Note: Phonetic search will be disabled automatically for tokens shorter than 7 characters or if the full name entered in your search is shorter than 12 characters or the full name is shorter than 15 characters and contains a token with fewer than 5 characters.

edit_distance_enabled (Default: True)
Edit distance is the number of single-character changes needed to turn one term into another (e.g. mat to bat has an edit distance of 1). When set to True, AML lookups will return names similar to the search term entered: e.g.: 'Anastasia' matches 'Anastasya'. When you enter a search query, our system compares it to the names in our database. If a name token (a name element) has a length equal to or greater than 7 letters, we allow for 1-character edits to find potential matches. If the token length is equal to or greater than 13, we allow for 2-character edits to find potential matches.
For example, you enter the name "Tetjana Donez" which consists of two tokens. With the default value of 7, for each token with a character length above this value, our system will search for variations with 1 edit distance (single-character changes) to find potential matches.
For example, "Tetjana Donez" will be considered a match with "Tetiana Donets" because they differ by just one character.
edit_distance_1_threshold
Defines how many character changes are allowed for short terms.
edit_distance_2_threshold
Defines how many character changes are allowed for longer terms.
min_nr_token_match (Default: 67, which means that at least 67% of tokens must match)
Defines the percentage of name tokens that must match for a valid comparison. Default: 67 (at least 67% of tokens must match). Range: 0 - 100 (100 requires a full match). Example: With 67, "Alexander Gahon Gesmundo" matches "Alexander Gesmundo", but with 100, it does not. Adjust for stricter or more flexible name matching.
enable_lastname_detection (Default: False)
Function: When enabled, the search and result names are split into first names and last names. The filter only applies if a contradiction is detected.
How it works:
- Match: "John Smith" and "John Adam Smith" ? Not filtered out (since "Adam" could be a middle name).
- No Match: "Adam Smith" and "John Adam Smith" ? Filtered out (since "Adam" is a first name in one case but a middle name in the other, creating a contradiction).
glued_words_splitting
Handles names that may be incorrectly merged. Options:
- off: Never used (default).
- on: Always active.
- fallback: Used only when no exact match is found.
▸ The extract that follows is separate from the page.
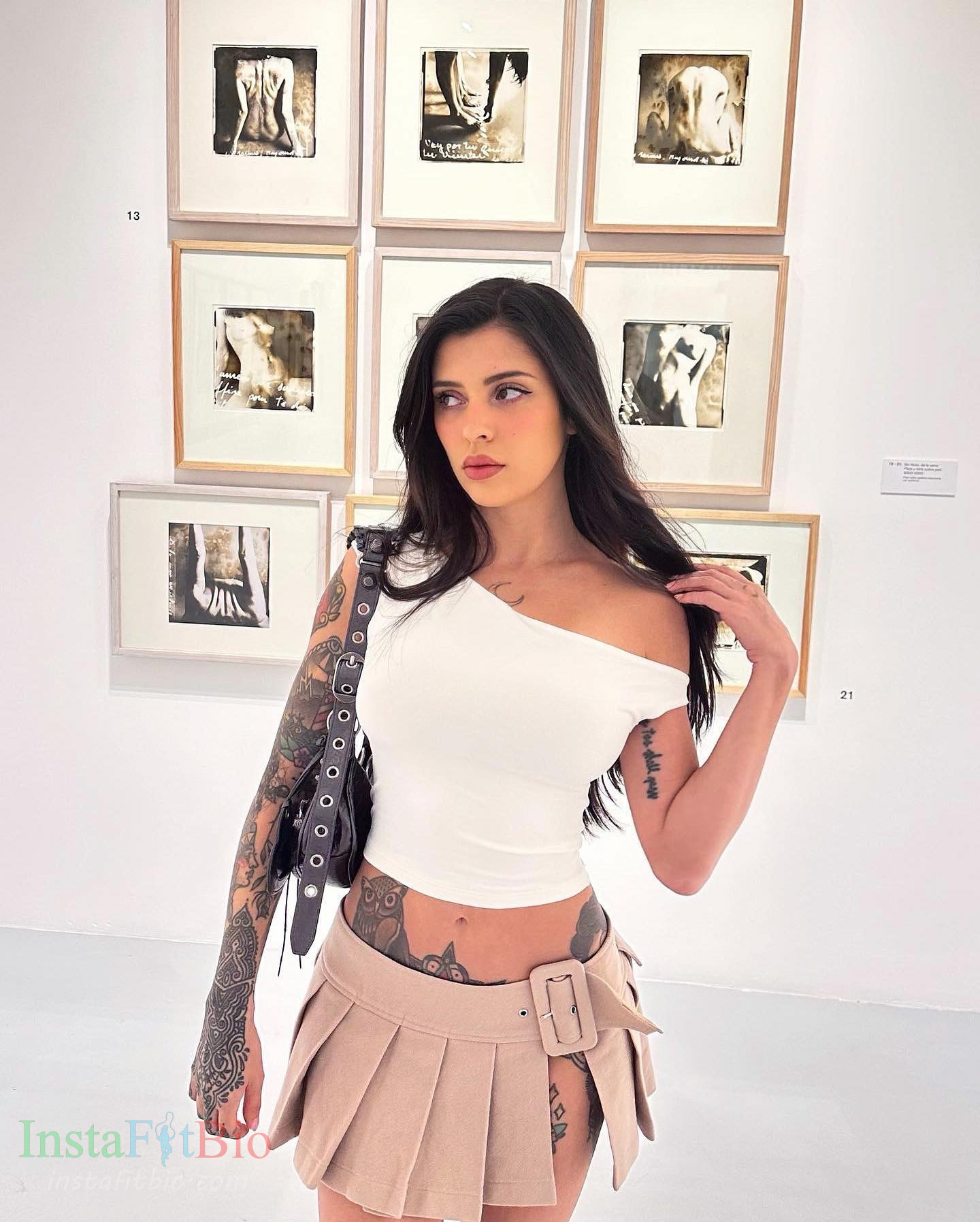 Sara-Wallpapers-InstaFItBio-2 Sara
Entity only search parameters

SEON separates company designators (e.g., Ltd, LLC, GmbH) from the base name and uses a centralized designator dictionary to handle abbreviations, translations and country-specific variants to reduces false positives and improve cross-border matching.

allow_designator_translation (Default: False)
If this parameter is true, corresponding designators from different countries are treated as aliases (e.g. Hungarian KFT is LLC). It affects the scoring and filtering of exact search. For example "Company KFT" will be returned even if "Company LLC" is searched for. The default is false.
filter_mismatching_country_designator (Default: False)
Blocks matches if designator doesn’t match expected country mapping.
filter_mismatching_country (Default: True)
Blocks matches where the country differs from the input.
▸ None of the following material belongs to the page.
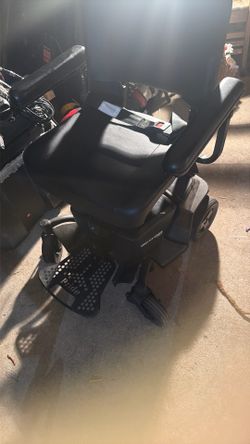Electric wheelchair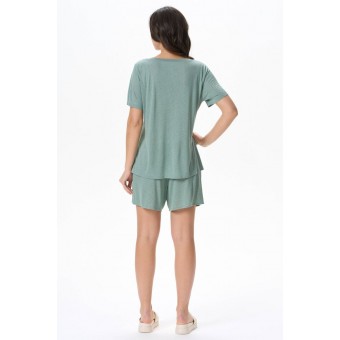 Пижама  женская       из вискозы    футболка с шортами   зеленая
Note: Important entity parameters work only in Fraud API integration, and their type should be set to unknown.

Adverse media configs

Adverse media fuzziness: Distinct fuzzy settings should be applied for adverse media searches. A value of 0 means an exact match, while 1 indicates high fuzziness.
Adverse media DOB filter: Filters out results where the input date of birth does not match the result’s date of birth, based on name similarity.
Adverse media country filter: Excludes results where the input country does not match the result’s country, based on name similarity.

Scoring parameters

Scoring helps you configure each search effectively. It provides an objective measure of the probability that a search term matches the same person as the result.

result_limit: Limits the number of results returned.
score_threshold: Sets the minimum relevancy score for results to be included. (Recommended: 0.585)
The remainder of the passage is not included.